In the first stage, we are making an executable file for the Go code. This env would need golang and thus the very first base image that we use is of golang. Next, in the second stage, we just use alpine as the base image (which is very small in size) and does not contain the golang runtime. We just copy our executable from the previous stage in our final stage.
Let’s make a docker image:
$ docker build . -f Dockerfile -t multi-stage-golang
[+] Building 3.8s (14/14) FINISHED
=> [internal] load build definition from Dockerfile0.0s
=> => transferring dockerfile: 324B 0.0s
=> [internal] load .dockerignore 0.0s
=> => transferring context: 2B 0.0s
=> [internal] load metadata for docker.io/library/alpine:latest 2.5s
=> [internal] load metadata for docker.io/library/golang:1.11.1 1.0s
=> [auth] library/alpine:pull token for registry-1.docker.io 0.0s
=> CACHED [production 1/2] FROM docker.io/library/alpine:latest@sha256:69e70a79f2d41ab5d637de98c1e0b055206ba40a8145e7bddb55ccc04e13cf8f 0.0s
=> [builder 1/5] FROM docker.io/library/golang:1.11.1@sha256:63ec0e29aeba39c0fe2fc6551c9ca7fa16ddf95394d77ccee75bc7062526a96c 0.0s
=> [internal] load build context 0.0s
=> => transferring context: 124B 0.0s
=> CACHED [builder 2/5] RUN mkdir /app 0.0s
=> CACHED [builder 3/5] ADD . /app 0.0s
=> CACHED [builder 4/5] WORKDIR /app 0.0s
=> CACHED [builder 5/5] RUN CGO_ENABLED=0 GOOS=linux go build -o main ./... 0.0s
=> [production 2/2] COPY --from=builder /app . 0.0s
=> exporting to image 0.0s
=> => exporting layers 0.0s
=> => writing image sha256:ed5e9282d8d5f4d195584da215dd93017be48e8602a347f9226045ed8e11b759 0.0s
=> => naming to docker.io/library/multi-stage-golang 0.0s
Let’s check the newly created image:
$ docker images
REPOSITORY TAG IMAGE ID CREATED SIZE
multi-stage-golang latest ed5e9282d8d5 56 seconds ago 7.52MB
We can run this as a container by executing the following:
$ docker run multi-stage-golang
hello world
The container that is spawned from this multi-stage docker file, will just have the alpine image and run the executable. It does not care about the source code or how it is generated and if it even has dependencies for that.

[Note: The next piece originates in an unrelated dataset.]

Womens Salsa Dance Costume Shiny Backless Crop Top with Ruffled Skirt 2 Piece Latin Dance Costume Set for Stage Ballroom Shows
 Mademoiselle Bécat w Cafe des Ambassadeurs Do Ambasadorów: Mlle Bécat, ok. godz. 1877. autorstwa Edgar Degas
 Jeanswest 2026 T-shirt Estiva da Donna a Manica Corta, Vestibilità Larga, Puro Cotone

Thus, the size of the container is directly a reflection of the size of the last stage of the build including the size of the artifacts from previous builds. There is a considerable amount of difference in the image size even for this simple hello-world program where we don’t want an entire runtime to be available as part of our container. The single-stage docker file is 780 MB while the multi-stage docker file is just 7.52 MB.
This can be replicated for Java programs, go programs, etc., and provides a considerable advantage to keep your container size small and your Dockerfile more maintainable.